En fait, ce que peu d’européens savent, c’est que Pablo Escobar avait décidé d’avoir son propre zoo dans une hacienda au cœur de la Colombie, l’Hacienda Nápoles qu’il avait fait construire dans la commune de Puerto Triunfo, près du Río Magdalena, ce qui l’avait amené en 1981 à faire importer clandestinement de nombreux animaux sauvages depuis l’Afrique, dont 3 hippopotames. Bien entendu, le troupeau s’est petit à petit agrandi. A la mort de Pablo Escobar, les animaux de son zoo ont été répartis dans les divers zoos du pays, à l’exception des hippopotames, trop difficiles à transporter.

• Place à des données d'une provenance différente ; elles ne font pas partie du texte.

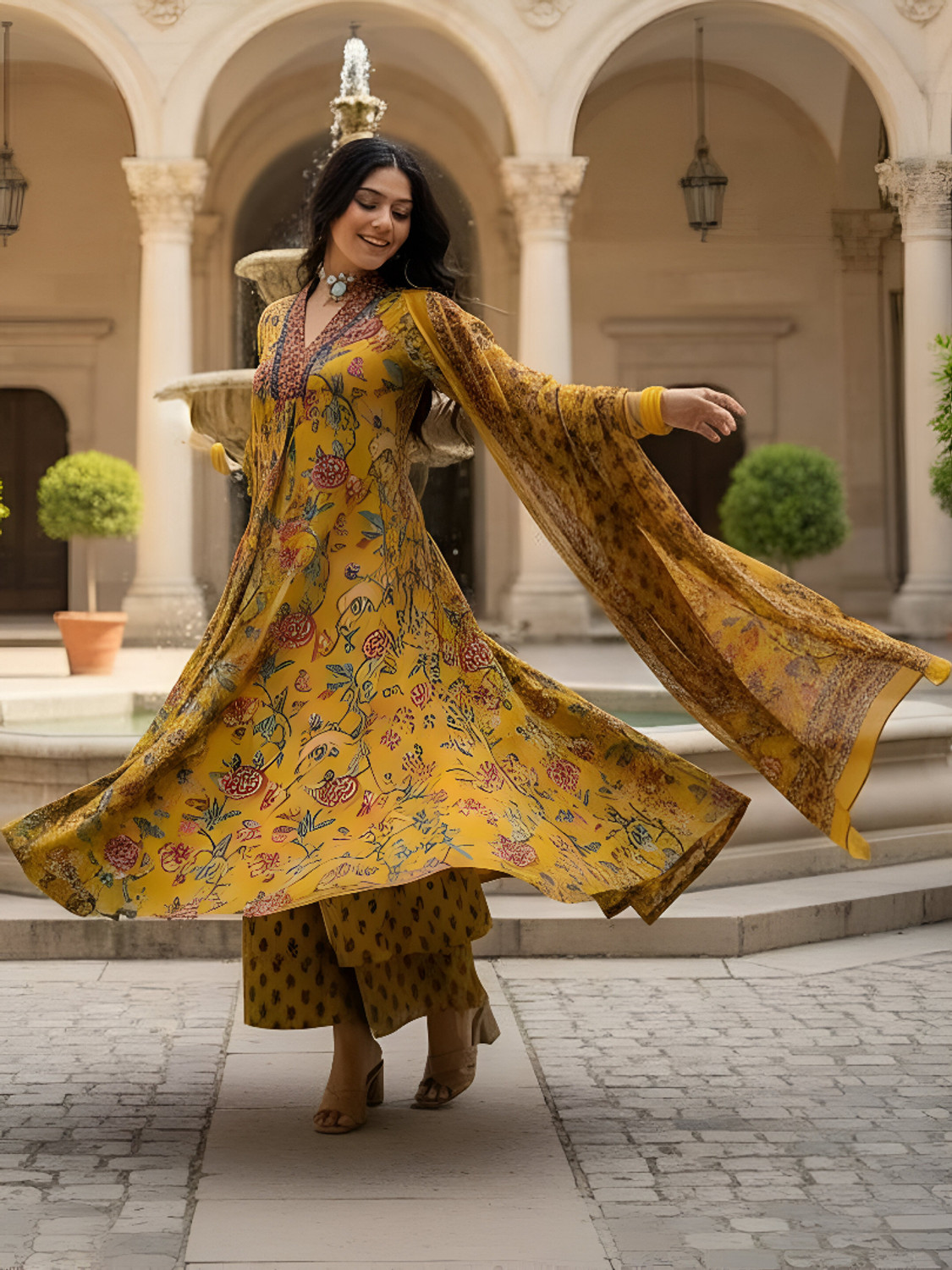 Image of BAMSOM WEAR Embroidered Kurta, Palazzo & Dupatta Set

Laissé dans la nature, le troupeau, devenu le seul troupeau sauvage d’hippopotames en dehors de l’Afrique, s’est encore agrandi au point de donner naissance à des problèmes de hiérarchie entre les mâles. En effet, dans un troupeau d’hippopotames, il ne peut y avoir qu’un seul mâle dominant, d’où des combats entre mâles, combats dont les perdants sont tués ou contraints à l’exil avec une femelle. L’un de ces perdants a descendu le Rio Magdalena pour se retrouver à Puerto Barrio, à des dizaines de kilomètres de son troupeau d’origine, dans une ville où personne ne connaissait l’existence des hippopotames. Pris pour un monstre, ce pauvre animal, appelé Pepe, a été abattu.

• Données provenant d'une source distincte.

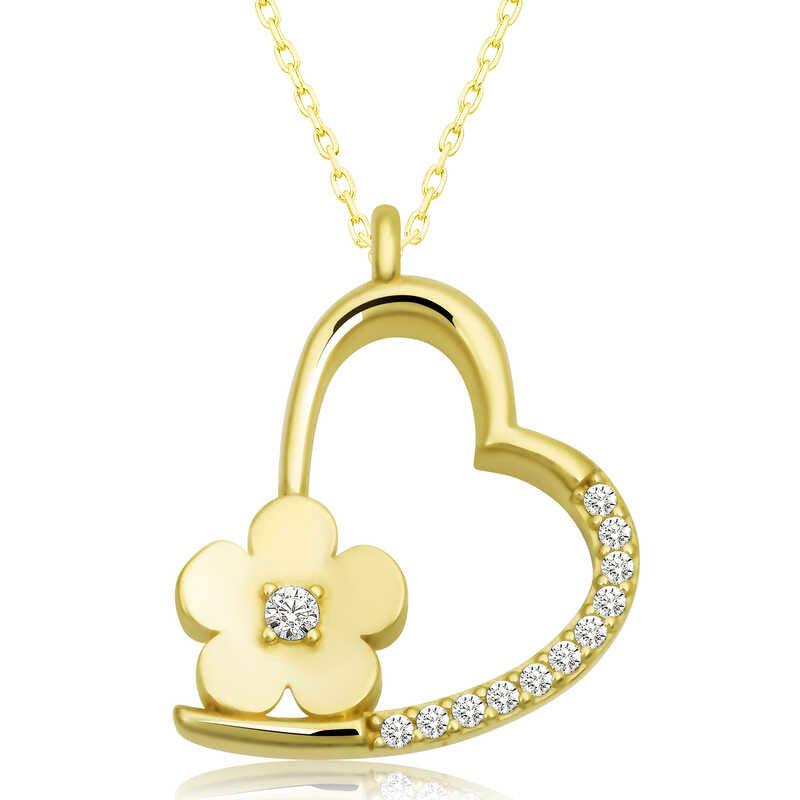 Silver Gold Flower Heart Women's Necklace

C’est à sa façon que le réalisateur dominicain Nelson Carlo de Los Santos Arias raconte dans son film l’histoire de Pepe et de ses congénères. Ou, plutôt non, le réalisateur est responsable de ce qu’on voit mais c’est Pepe lui-même qui, en voix off d’outre-tombe, raconte cette histoire, en commençant par la vie des hippopotames dans leur environnement naturel en Namibie, au sud-ouest de l’Afrique, en poursuivant par leur arrivée sur le sol sud-américain en direction de l’Hacienda Nápoles puis par le combat ayant entrainé l’exil du narrateur et les troubles causés par sa présence auprès de la population de Puerto Barrio, ceux là même que Pepe appelle les « 2 pattes ».. Manifestement, Nelson Carlo de Los Santos Arias ne s’est rien interdit dans la réalisation de son film et on ne peut que s’en féliciter. On est tout à la fois dans un film de fiction, souvent drôle, parfois tragique, dans un documentaire sur les hippopotames et dans un film expérimental. Pepe commence sa narration dans la langue afrikaans, une des langues parlées en Namibie, et la continue en espagnol. On entend même parler allemand avec un car de touristes venus observer les hippopotames de Namibie. Le format du film ? Il n’y en a pas, ou, plutôt, il y en a plusieurs, et ils changent très souvent. Il y a de magnifiques images prises depuis un drone, mais aussi, entre autres, des images très terre à terre de dispute conjugale ainsi que des images prises de nuit en infrarouge. Et puis, ce film instructif et poétique est aussi, mais sans en avoir l’air, un film politique. Après tout, dans l’histoire de l’humanité, il n’y a pas que des hippopotames qu’on a transportés d’Afrique en Amérique et, à sa façon, Pepe nous parle de la traite des esclaves et de la colonisation d’un continent. En fait, ce très beau film qui a permis à son réalisateur d’obtenir l’Ours d’argent de la meilleure réalisation lors de la Berlinade 2024, ne souffre que d’un seul petit défaut : sa durée. Il aurait gagné à être raccourci d’un bon quart d’heure, en raccourcissant par ci par là un certain nombre de scènes.